== What the task requires ==
Please print exactly the lines from the line containing "MORROS ECO VENTA DE APARTAMENTO MANZANILLO" through the end of the data, no more, and keep pictures out of the copy.

== Extracted entries ==
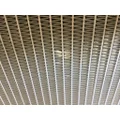 FREIGHTLINER M-2  RADIATOR ASSEMBLY thumbnail 4
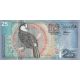 25 gulden 2000 Suriname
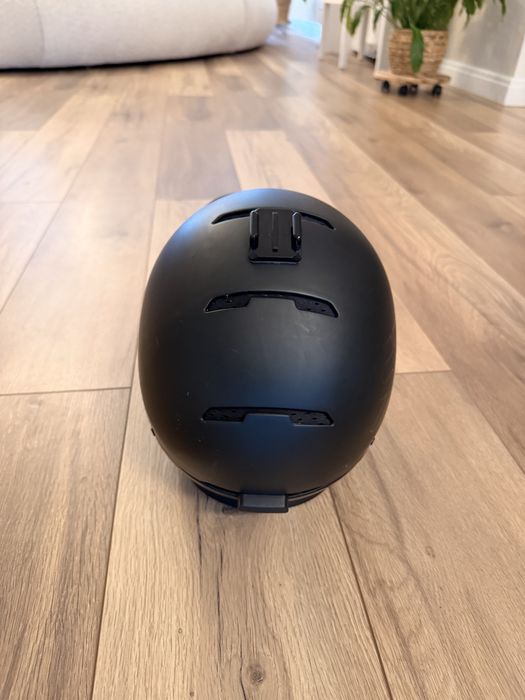 Casca Ruroc rg1 folosit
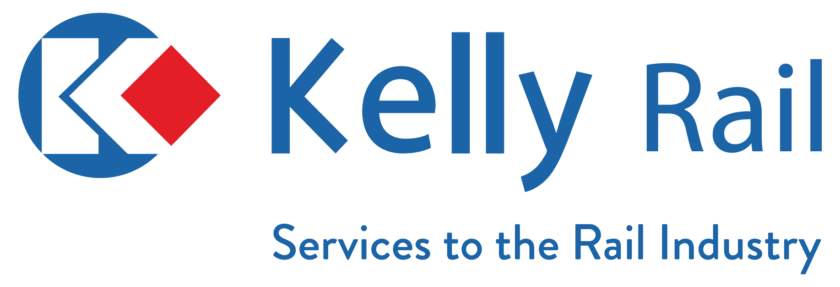 Kelly Rail - Big Rail Diversity Challenge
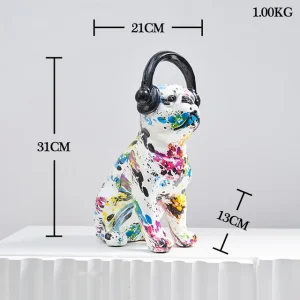 Malowane-Colorfu-Bulldog-rze-ba-ozdoby-dekoracja-biurka-szafka-do-wina-dekoracje-biurowe-Nodic-Home-Decor.jpg_640x640-3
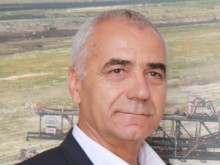 Шефът на "Мини Марица-изток" подаде оставка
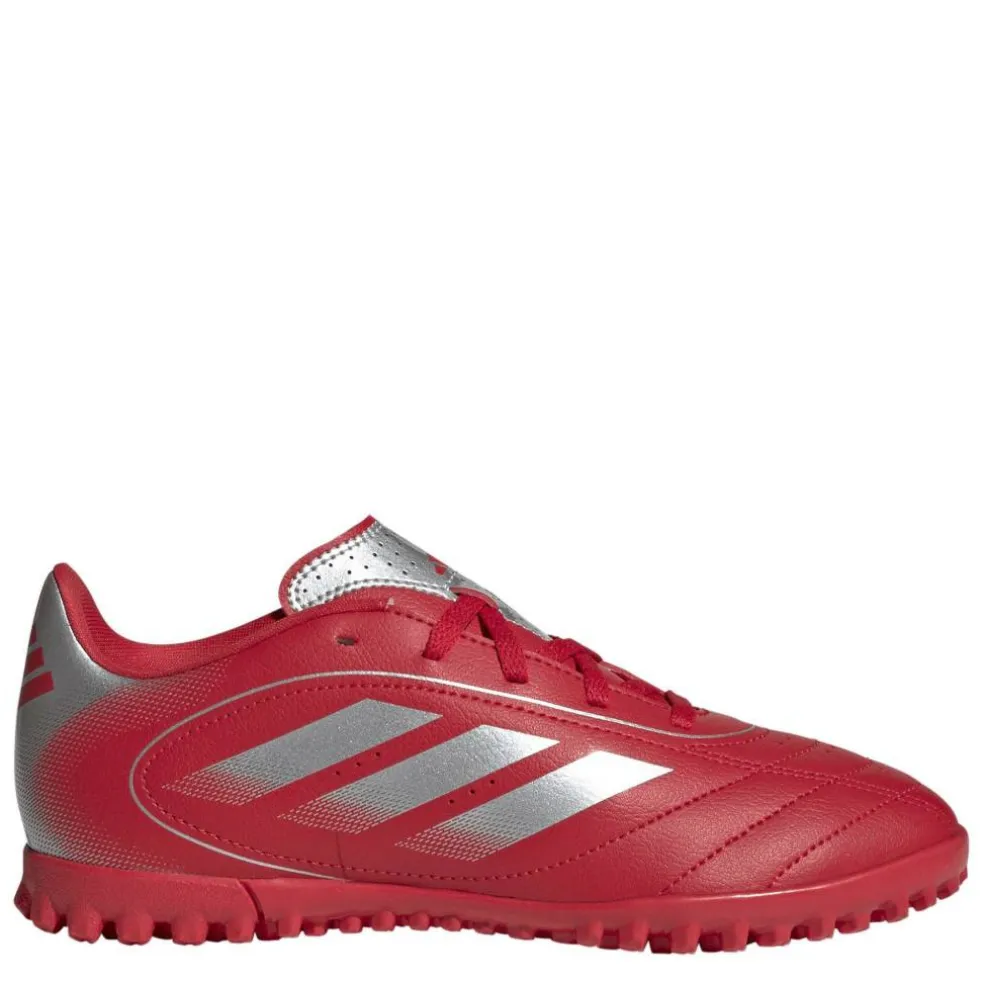 Goletto Juniors Astro Turf Football Boots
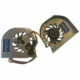 Ventilátor Chladič na notebook Toshiba Mini NB200-11Z
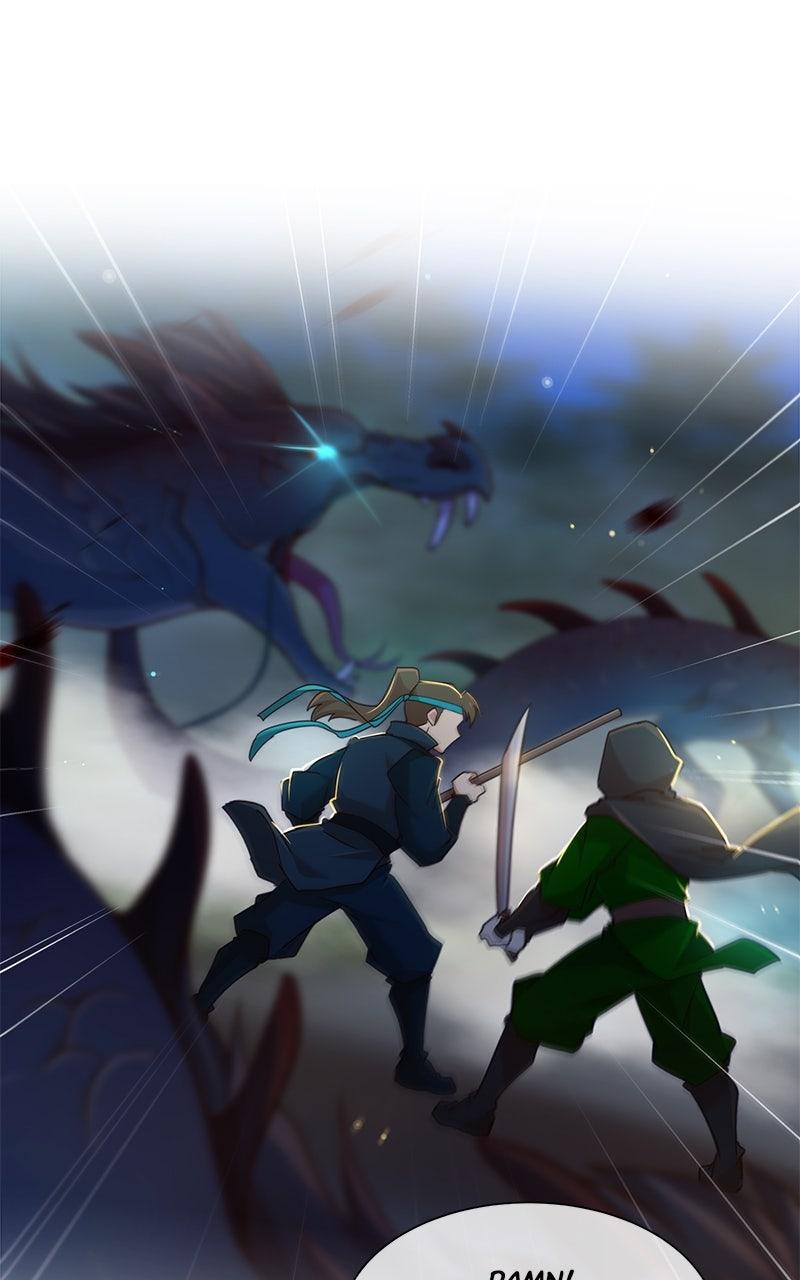 SubZero Chapter 254 34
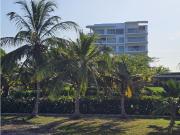 MORROS ECO VENTA DE APARTAMENTO MANZANILLO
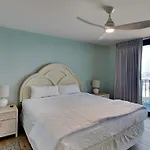 Watercrest 1401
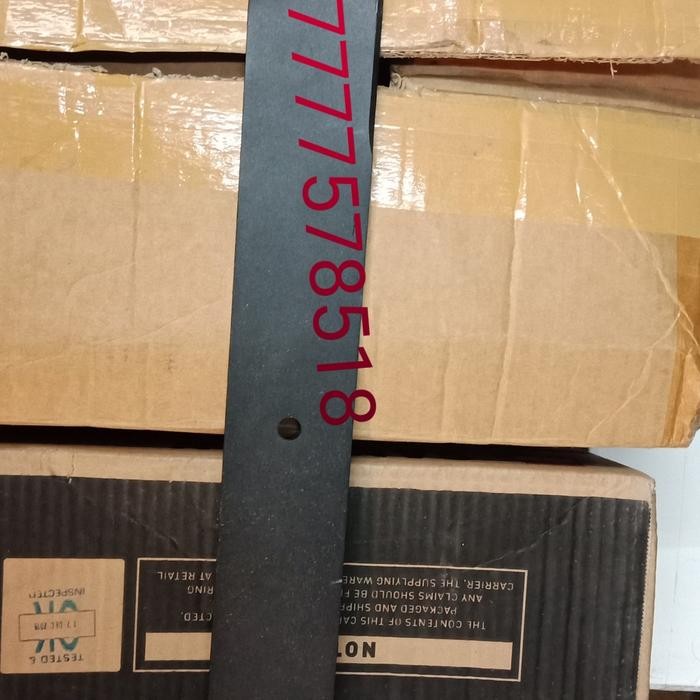 Terlaris Pisau Potong Rumput Dorong Tasco Tlm 18 Spare Part Mesin Potong Rumput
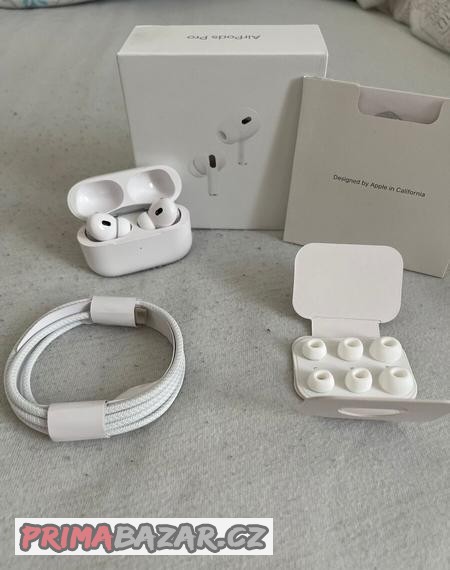 airpods-pro-2-generace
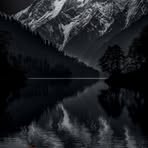 Profile Picture of Sherine Ibrahim (@Sherine-Ibrahim) on Facebook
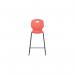 Titan Arc High Chair Size 5 Coral KF77818 KF77818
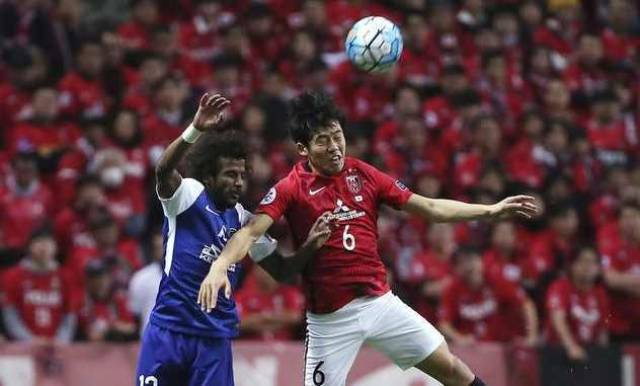 哈登暴走夜！单节27分+全场55分，快船终结连败全靠他一人扛（哈登火力全开！单节27分砍下55分，独扛快船止连败）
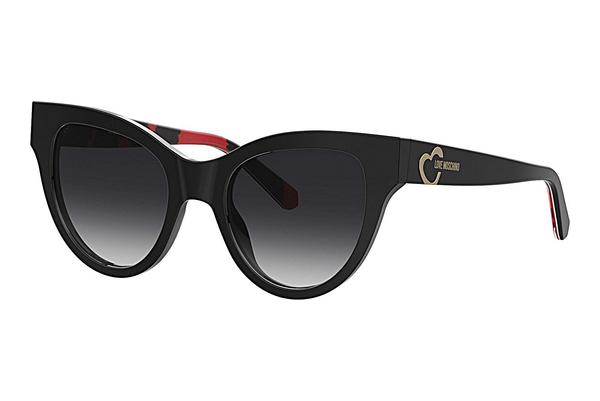 Sunglasses Moschino MOL053/S UYY/9O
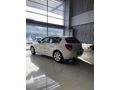 Sahibinden BMW 1 Serisi 116i Comfort 2014 Model 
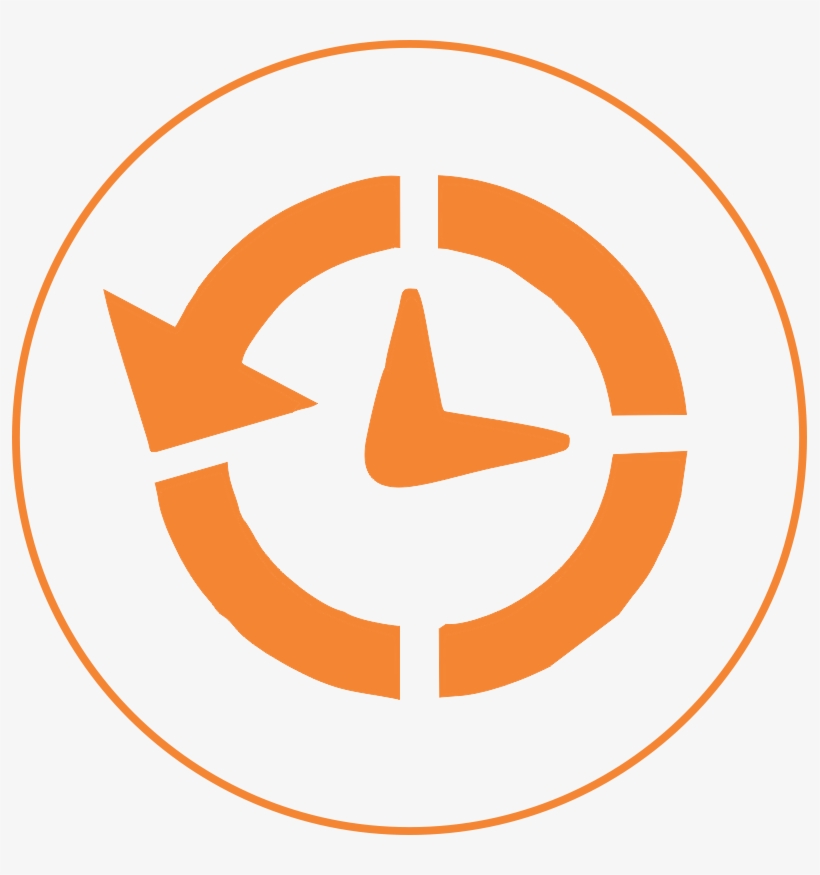 Mountain View, transparent png download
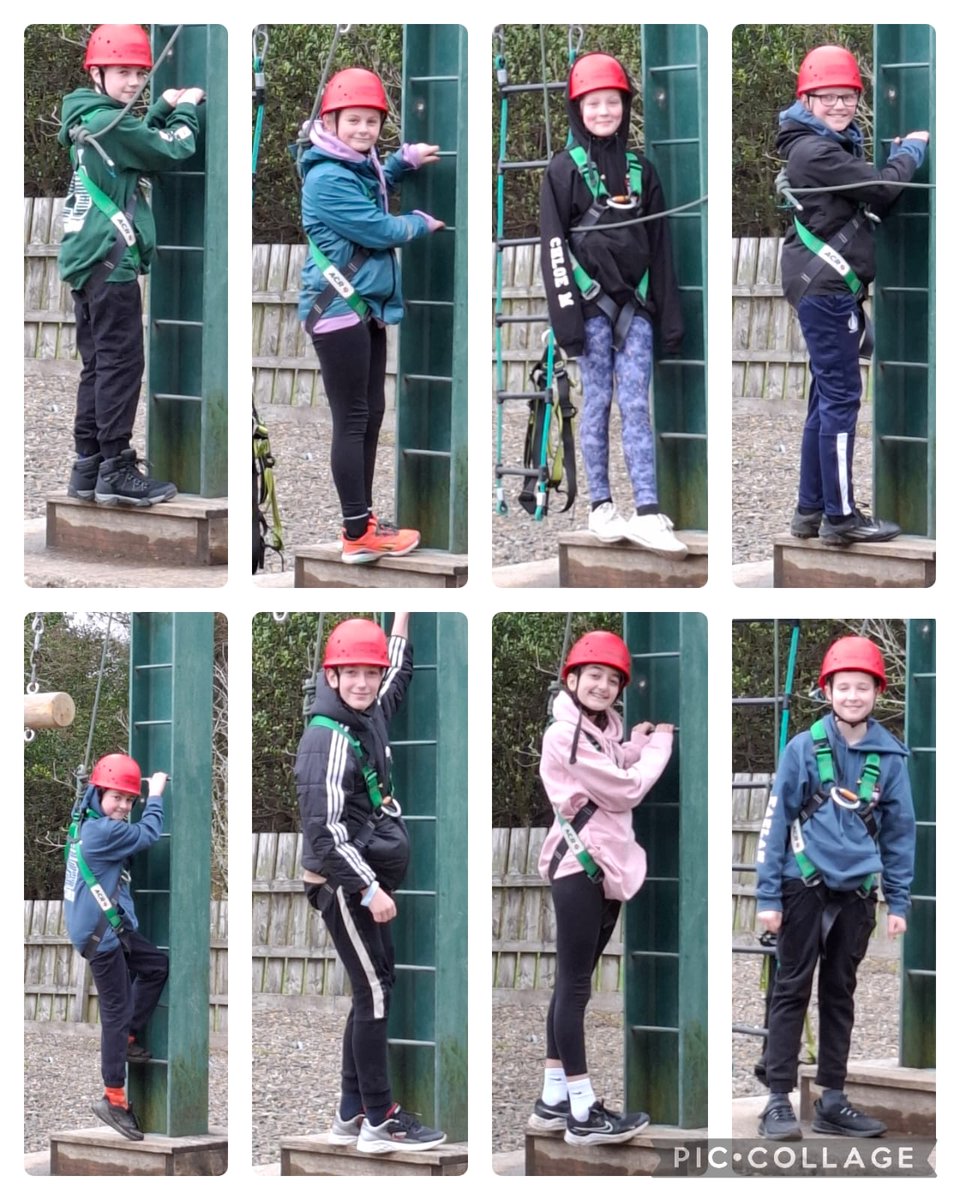 Moray Primary School tweet media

== Task answer ==
 MORROS ECO VENTA DE APARTAMENTO MANZANILLO
 Watercrest 1401
 Terlaris Pisau Potong Rumput Dorong Tasco Tlm 18 Spare Part Mesin Potong Rumput
 airpods-pro-2-generace
 Profile Picture of Sherine Ibrahim (@Sherine-Ibrahim) on Facebook
 Titan Arc High Chair Size 5 Coral KF77818 KF77818
 哈登暴走夜！单节27分+全场55分，快船终结连败全靠他一人扛（哈登火力全开！单节27分砍下55分，独扛快船止连败）
 Sunglasses Moschino MOL053/S UYY/9O
 Sahibinden BMW 1 Serisi 116i Comfort 2014 Model 
 Mountain View, transparent png download
 Moray Primary School tweet media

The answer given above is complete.